**Supplied information**:
***
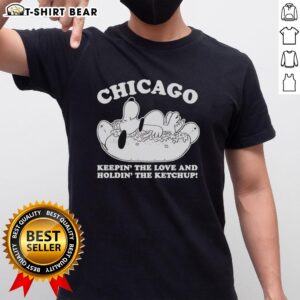 Alt Text: Top Chicago Snoopy T-Shirt featuring Snoopy holding ketchup and spreading love in a vibrant design.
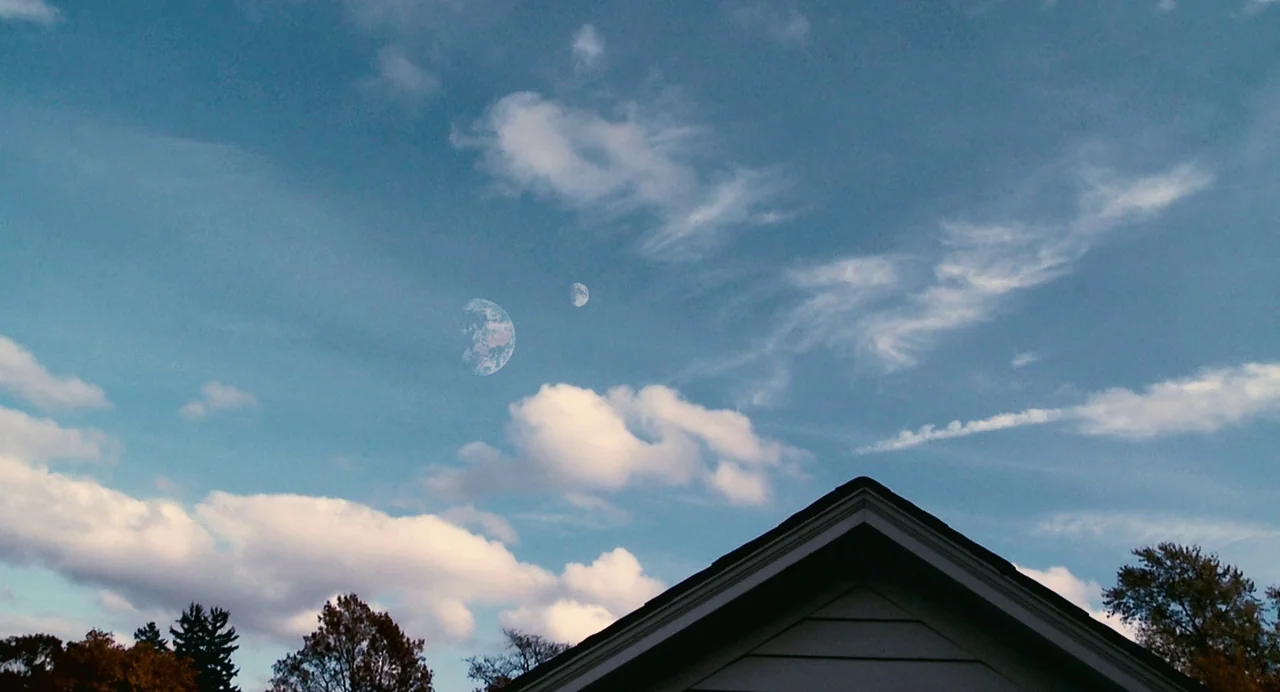 Another Earth (2011) movie still: establishing — A residential rooftop edge frames a clear daytime sky with scattered white clouds. The planet Earth…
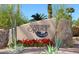 Scottsdale Ranch community sign surrounded by desert landscaping and vibrant red flowers at 9115 N 101St Way, Scottsdale, AZ 85258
***
**Exercise brief**:
The data must be repeated exactly. Any pictures in it are to be left out.

**Solution to the exercise**:
 Alt Text: Top Chicago Snoopy T-Shirt featuring Snoopy holding ketchup and spreading love in a vibrant design.
 Another Earth (2011) movie still: establishing — A residential rooftop edge frames a clear daytime sky with scattered white clouds. The planet Earth…
 Scottsdale Ranch community sign surrounded by desert landscaping and vibrant red flowers at 9115 N 101St Way, Scottsdale, AZ 85258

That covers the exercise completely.